Round two of Chicago’s grand experiment with electric scooters will include fewer than 10 companies and is almost certain to reduce sidewalk clutter by requiring scooters to be parked in docks, corrals or locked public racks, a top mayoral aide said Wednesday.
Transportation Commissioner Gia Biagi lifted the veil on the changes City Hall is seeking during a joint committee hearing on the city’s first electric scooter pilot.
The combined meeting of the City Council’s License and Traffic Committees was the first in a series of outreach efforts to make certain the second round “reflects lessons learned from and the lived experiences of people who were affected by” the first pilot.
Transportation Commissioner Gia Biagi said the second pilot is likely to begin this summer, but it hasn’t been designed yet, nor has the test area been chosen.
Only those 10 companies from the first pilot will be eligible for the second test, but the field will be narrowed, she said.
“We do think fewer companies makes sense. We’ll need to develop objective criteria to determine how many and which ones. We think this will make our management easier and the vendors more responsive,” Biagi said.
“We want to test new strategies, technologies and equipment to improve safety and comfort of both riders and non-riders, including those with disabilities. We like the idea of a lock-to requirement. These are the kinds of things where you can lock the scooter to something just like you normally would with a bike. That gets it off the sidewalk. That gets it out of the public way. Those technologies are out there.”
Biagi said the city also wants to “increase availability of scooters in priority areas” and “broaden access” for people who are “unbanked or don’t use smart phones.”
“We did make inroads in that. But we think we can do better. It was hard for some folks to sign up,” she said.
Downtown Ald.

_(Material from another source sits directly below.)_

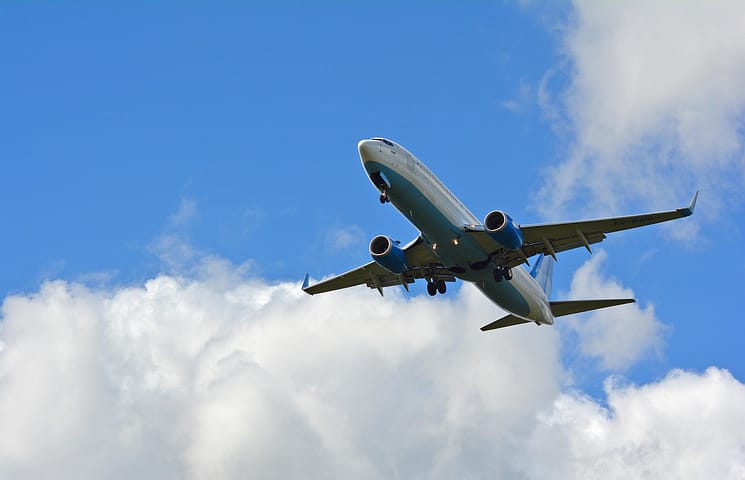 jet ()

Brendan Reilly (42nd) said he sees no reason why scooter companies “full of smart people” can’t find a way to disable scooters ridden illegally on Chicago sidewalks.
“Scooters do not belong on sidewalks for exactly the same reason bicycles do not belong on sidewalks,” Reilly said.
“During the pilot — at least my experience in the western end of my ward where the eastern-most boundary [of the pilot area] exists — I hardly ever saw a scooter being used off of a sidewalk. If we’re gonna have a city policy saying you can’t do this on sidewalks, we should make it physically impossible for that to happen.”
Biagi said the city “hasn’t discussed anything” with the scooter companies yet. But, she added: “We are very interested in these kinds of things.”